The Egyptian government has announced that it will not allow Jews to pray in Cairo's newly-restored Maimonides Synagogue, in retaliation for Israel's security response to Arab rioting on the Temple Mount.
“The Al-Aqsa Mosque is part of the heritage of the Palestinian Arabs and Israel is not entitled to block them from it,” said Dr.
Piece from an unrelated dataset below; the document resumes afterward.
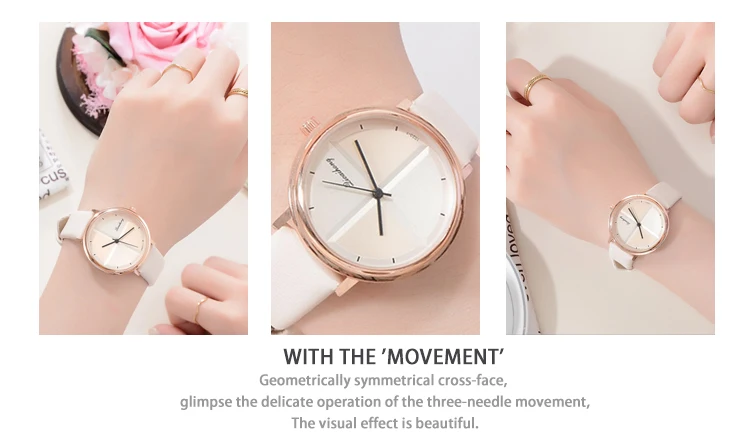 Изысканные простые Стильные женские кожаные часы, модные кварцевые часы, женские нарядные часы, Прямая поставка, элегантные часы-браслет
Zahi Hawass, Secretary-General of Egypt's Supreme Council of Antiquities.
A Qatari newspaper quoted Hawass in a telephone interview late last week as saying the Maimonides Synagogue would be treated an an Egyptian antiquity, not a Jewish house of worship.
Nor will he allow the Egyptian Jewish community to administer the site – a direct response, he said, to the “provocative practices carried out by the Jews in their celebration which was held in the temple.” Hawass was referring to the wine served at the opening of the synagogue and the joyous dancing with which the celebration was carried out – both practices which he said were offensive to a billion Muslims.
The report “confirmed the temple will not be delivered to the Jewish community in Egypt in any way,” with Hawass stressing that “he would not allow any Jew to pray in the temple, and would not allow any Israeli to pray in the temple.”
Previous reports indicated that Egyptian authorities would allow Jews to pray in the synagogue.
Hawass also denied reports that American Jews had helped pay for the restoration of the synagogue, which he said had cost the Council several million dollars. However, he said, Egypt will continue to restore its ancient synagogues, with the next one to be in Alexandria, the Temple of the Prophet Daniel.